My code uses basically uses the permutation code to create an array of all the possible permutations from the input array, then for each array (using map) grabs a slice corresponding to the number specified as amount, sums that slice and if it is the same as total returns true.

some then returns the final result as to whether there are any permutations that equals the total.

function checker(arr, amount, total) {
  var add = function (a, b) { return a + b; }
  return permutator(arr).map(function(arr) {
    var ns = arr.slice(0, amount);
    var sum = ns.reduce(add);
    return sum === total;
  }).some(Boolean);
}

checker([1, 2, 3, 4], 3, 9); // true

I've included two demos - 1) a demo showing this code, and 2) code that provides a more detailed breakdown: basically map returns an object containing the slice info, the sum totals and whether the condition has been met.

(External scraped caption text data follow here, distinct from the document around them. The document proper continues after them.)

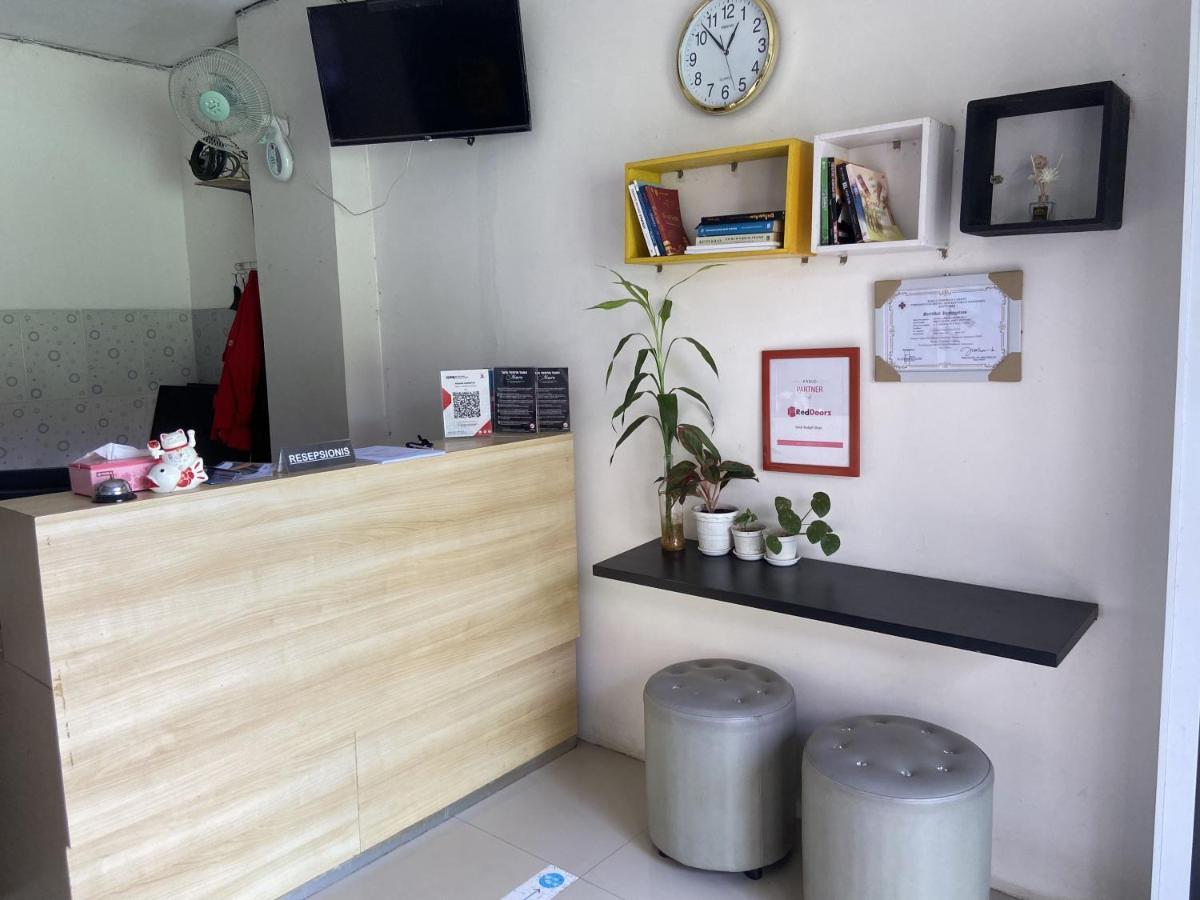 Reddoorz Near Rsud Margono Purwokerto 3 Hotel Kültér fotó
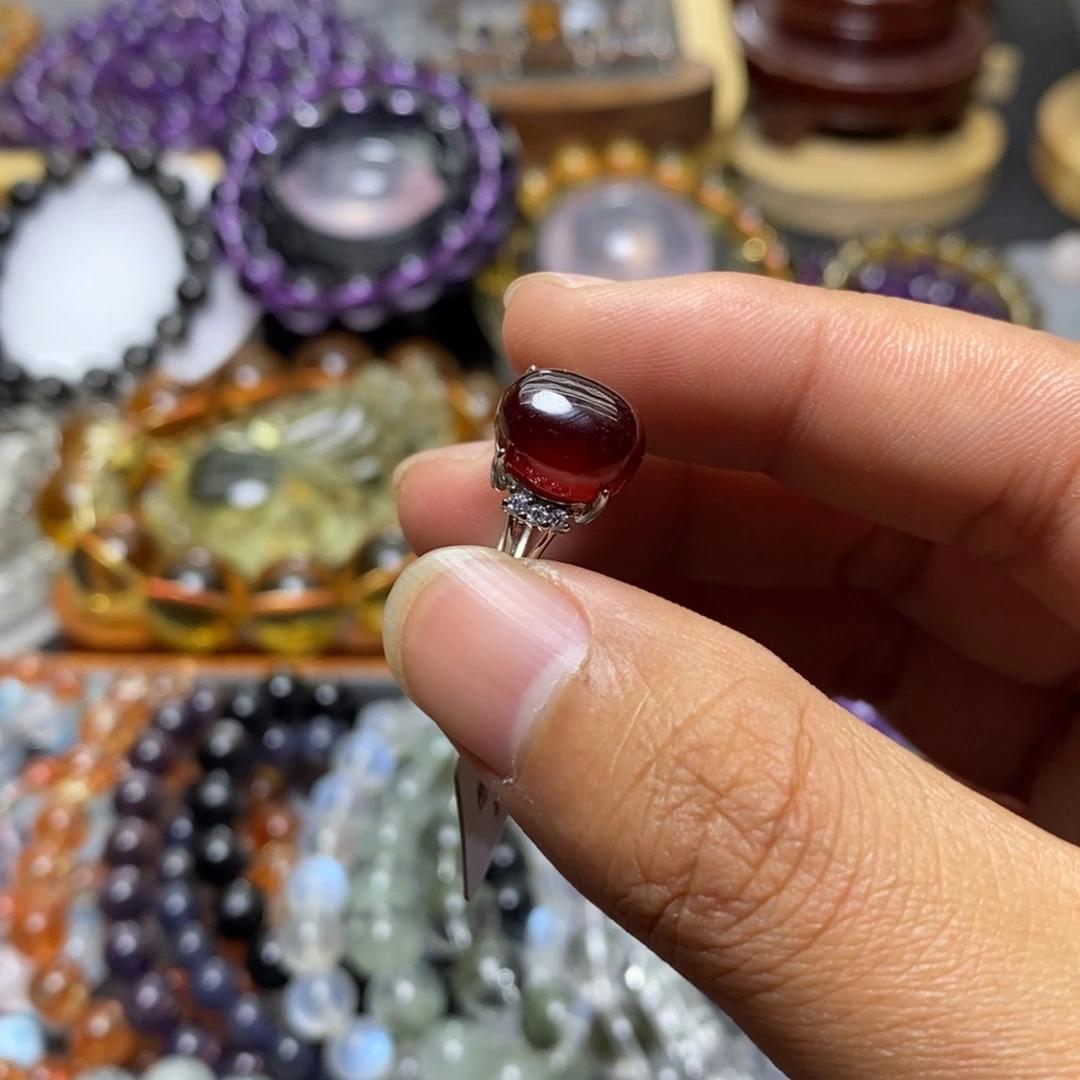 未镶嵌水晶手链默认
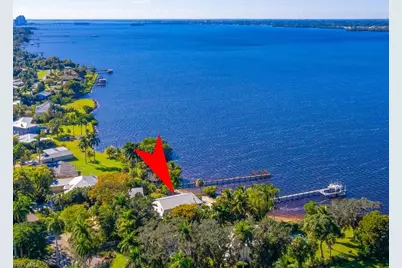 100 Fairview Ave, Fort Myers, FL 33905 - Photo 3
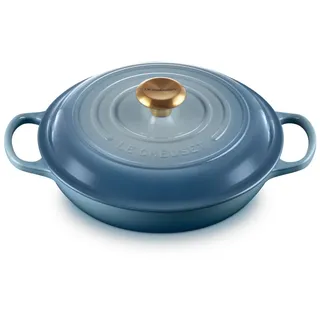 Le Creuset Signature Gusseisen Gourmet-Profitopf, Rund, Ø 26 cm, 2,2 l, Für alle Herdarten inkl. Induktion geeignet, 4,205 kg, Chambray, 21180264344441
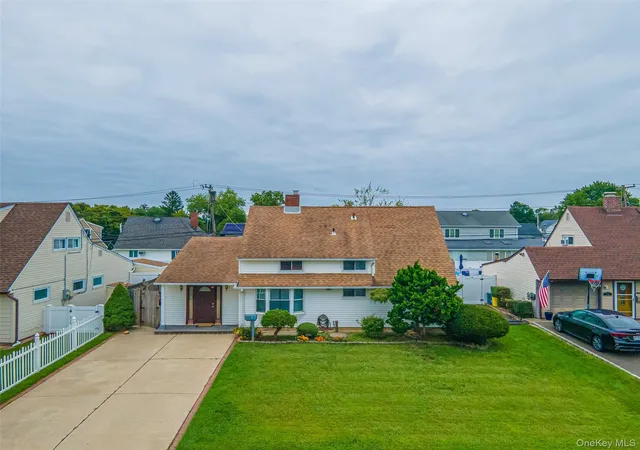 Photo 2 of Single family home for sale at 82 Lantern Rd, Oyster Bay, NY 11801 | MLS# 1045710 | Listing updated on 2026-09-06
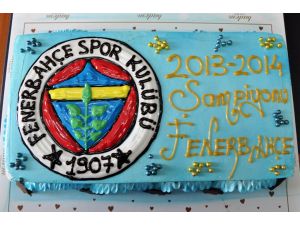 Adliyede Fenerbahçeli Hakim Ve Savcılara Pastalı Kutlama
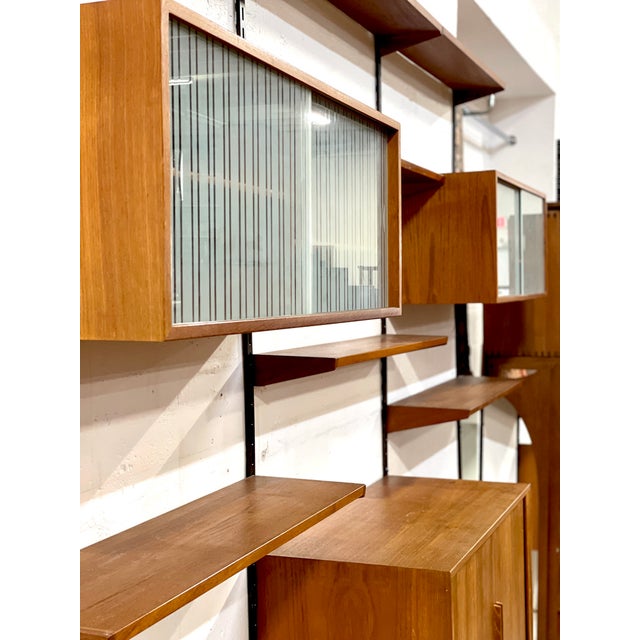 Mid-Century Modern Danish Modern Wall Unit of Shelving System by Kai Kristiansen for Fm Mobler For Sale - Image 3 of 10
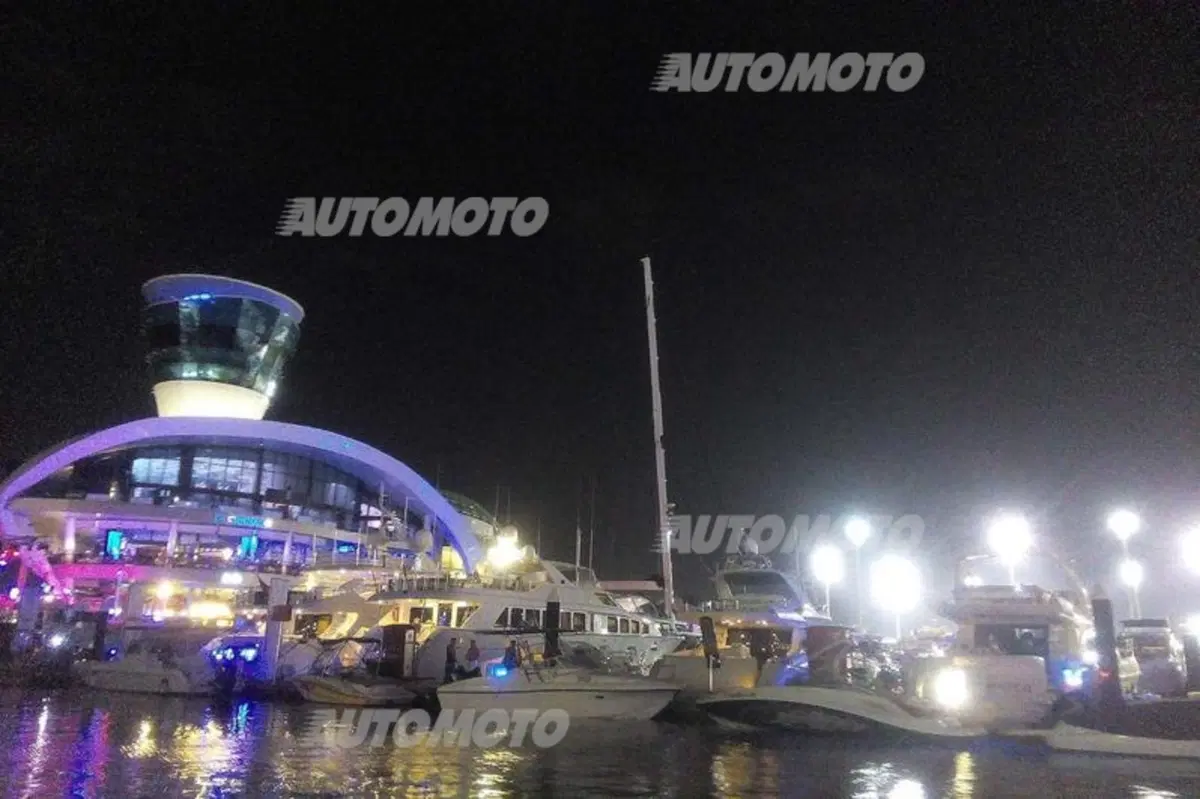 F1, Gp Abu Dhabi 2015: Arrivabene alla riscossa, noleggio e kebab à gogo (56)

This is probably not what you're looking for because it's a bit long-winded, but it was certainly useful for me to investigate :)

Edit - alternatively here's a hacked version of that permutation code from the previous question that delivers the results and an array of matches:

function permutator(inputArr, amount, total) {
  var results = [], out = [];

  function permute(arr, memo) {
    var cur, memo = memo || [];
    var add = function (a, b) { return a + b; }

    for (var i = 0; i < arr.length; i++) {
      cur = arr.splice(i, 1);
      if (arr.length === 0) {
        results.push(memo.concat(cur));
      }

      var a = arr.slice();

      // this is the change
      var sum = memo.concat(cur).reduce(add);     
      if (memo.concat(cur).length === amount && sum === total) {
        out.push(memo.concat(cur))
      }

      permute(a, memo.concat(cur));
      arr.splice(i, 0, cur[0]);
    }

    return [results, out];
  }

  return permute(inputArr);
}

permutator([1,2,3,4], 3, 9);

DEMO

Answer 3

If I understand you correctly, the solution of this task must be simple like this:

function subsetsum(arr, countElements, sum) {
  var length = arr.length-1;
  var temp = 0;
  var lastElement = length-countElements; 
  console.log(lastElement);
  for (var i = length; i > lastElement; i--) {
    temp = temp+arr[i];
    console.log('Sum: '+temp);
  }
  if (temp === sum) {
    console.log('True!');
  } else {console.log('False!')}
};
subsetsum([1, 2, 3, 4], 2, 7);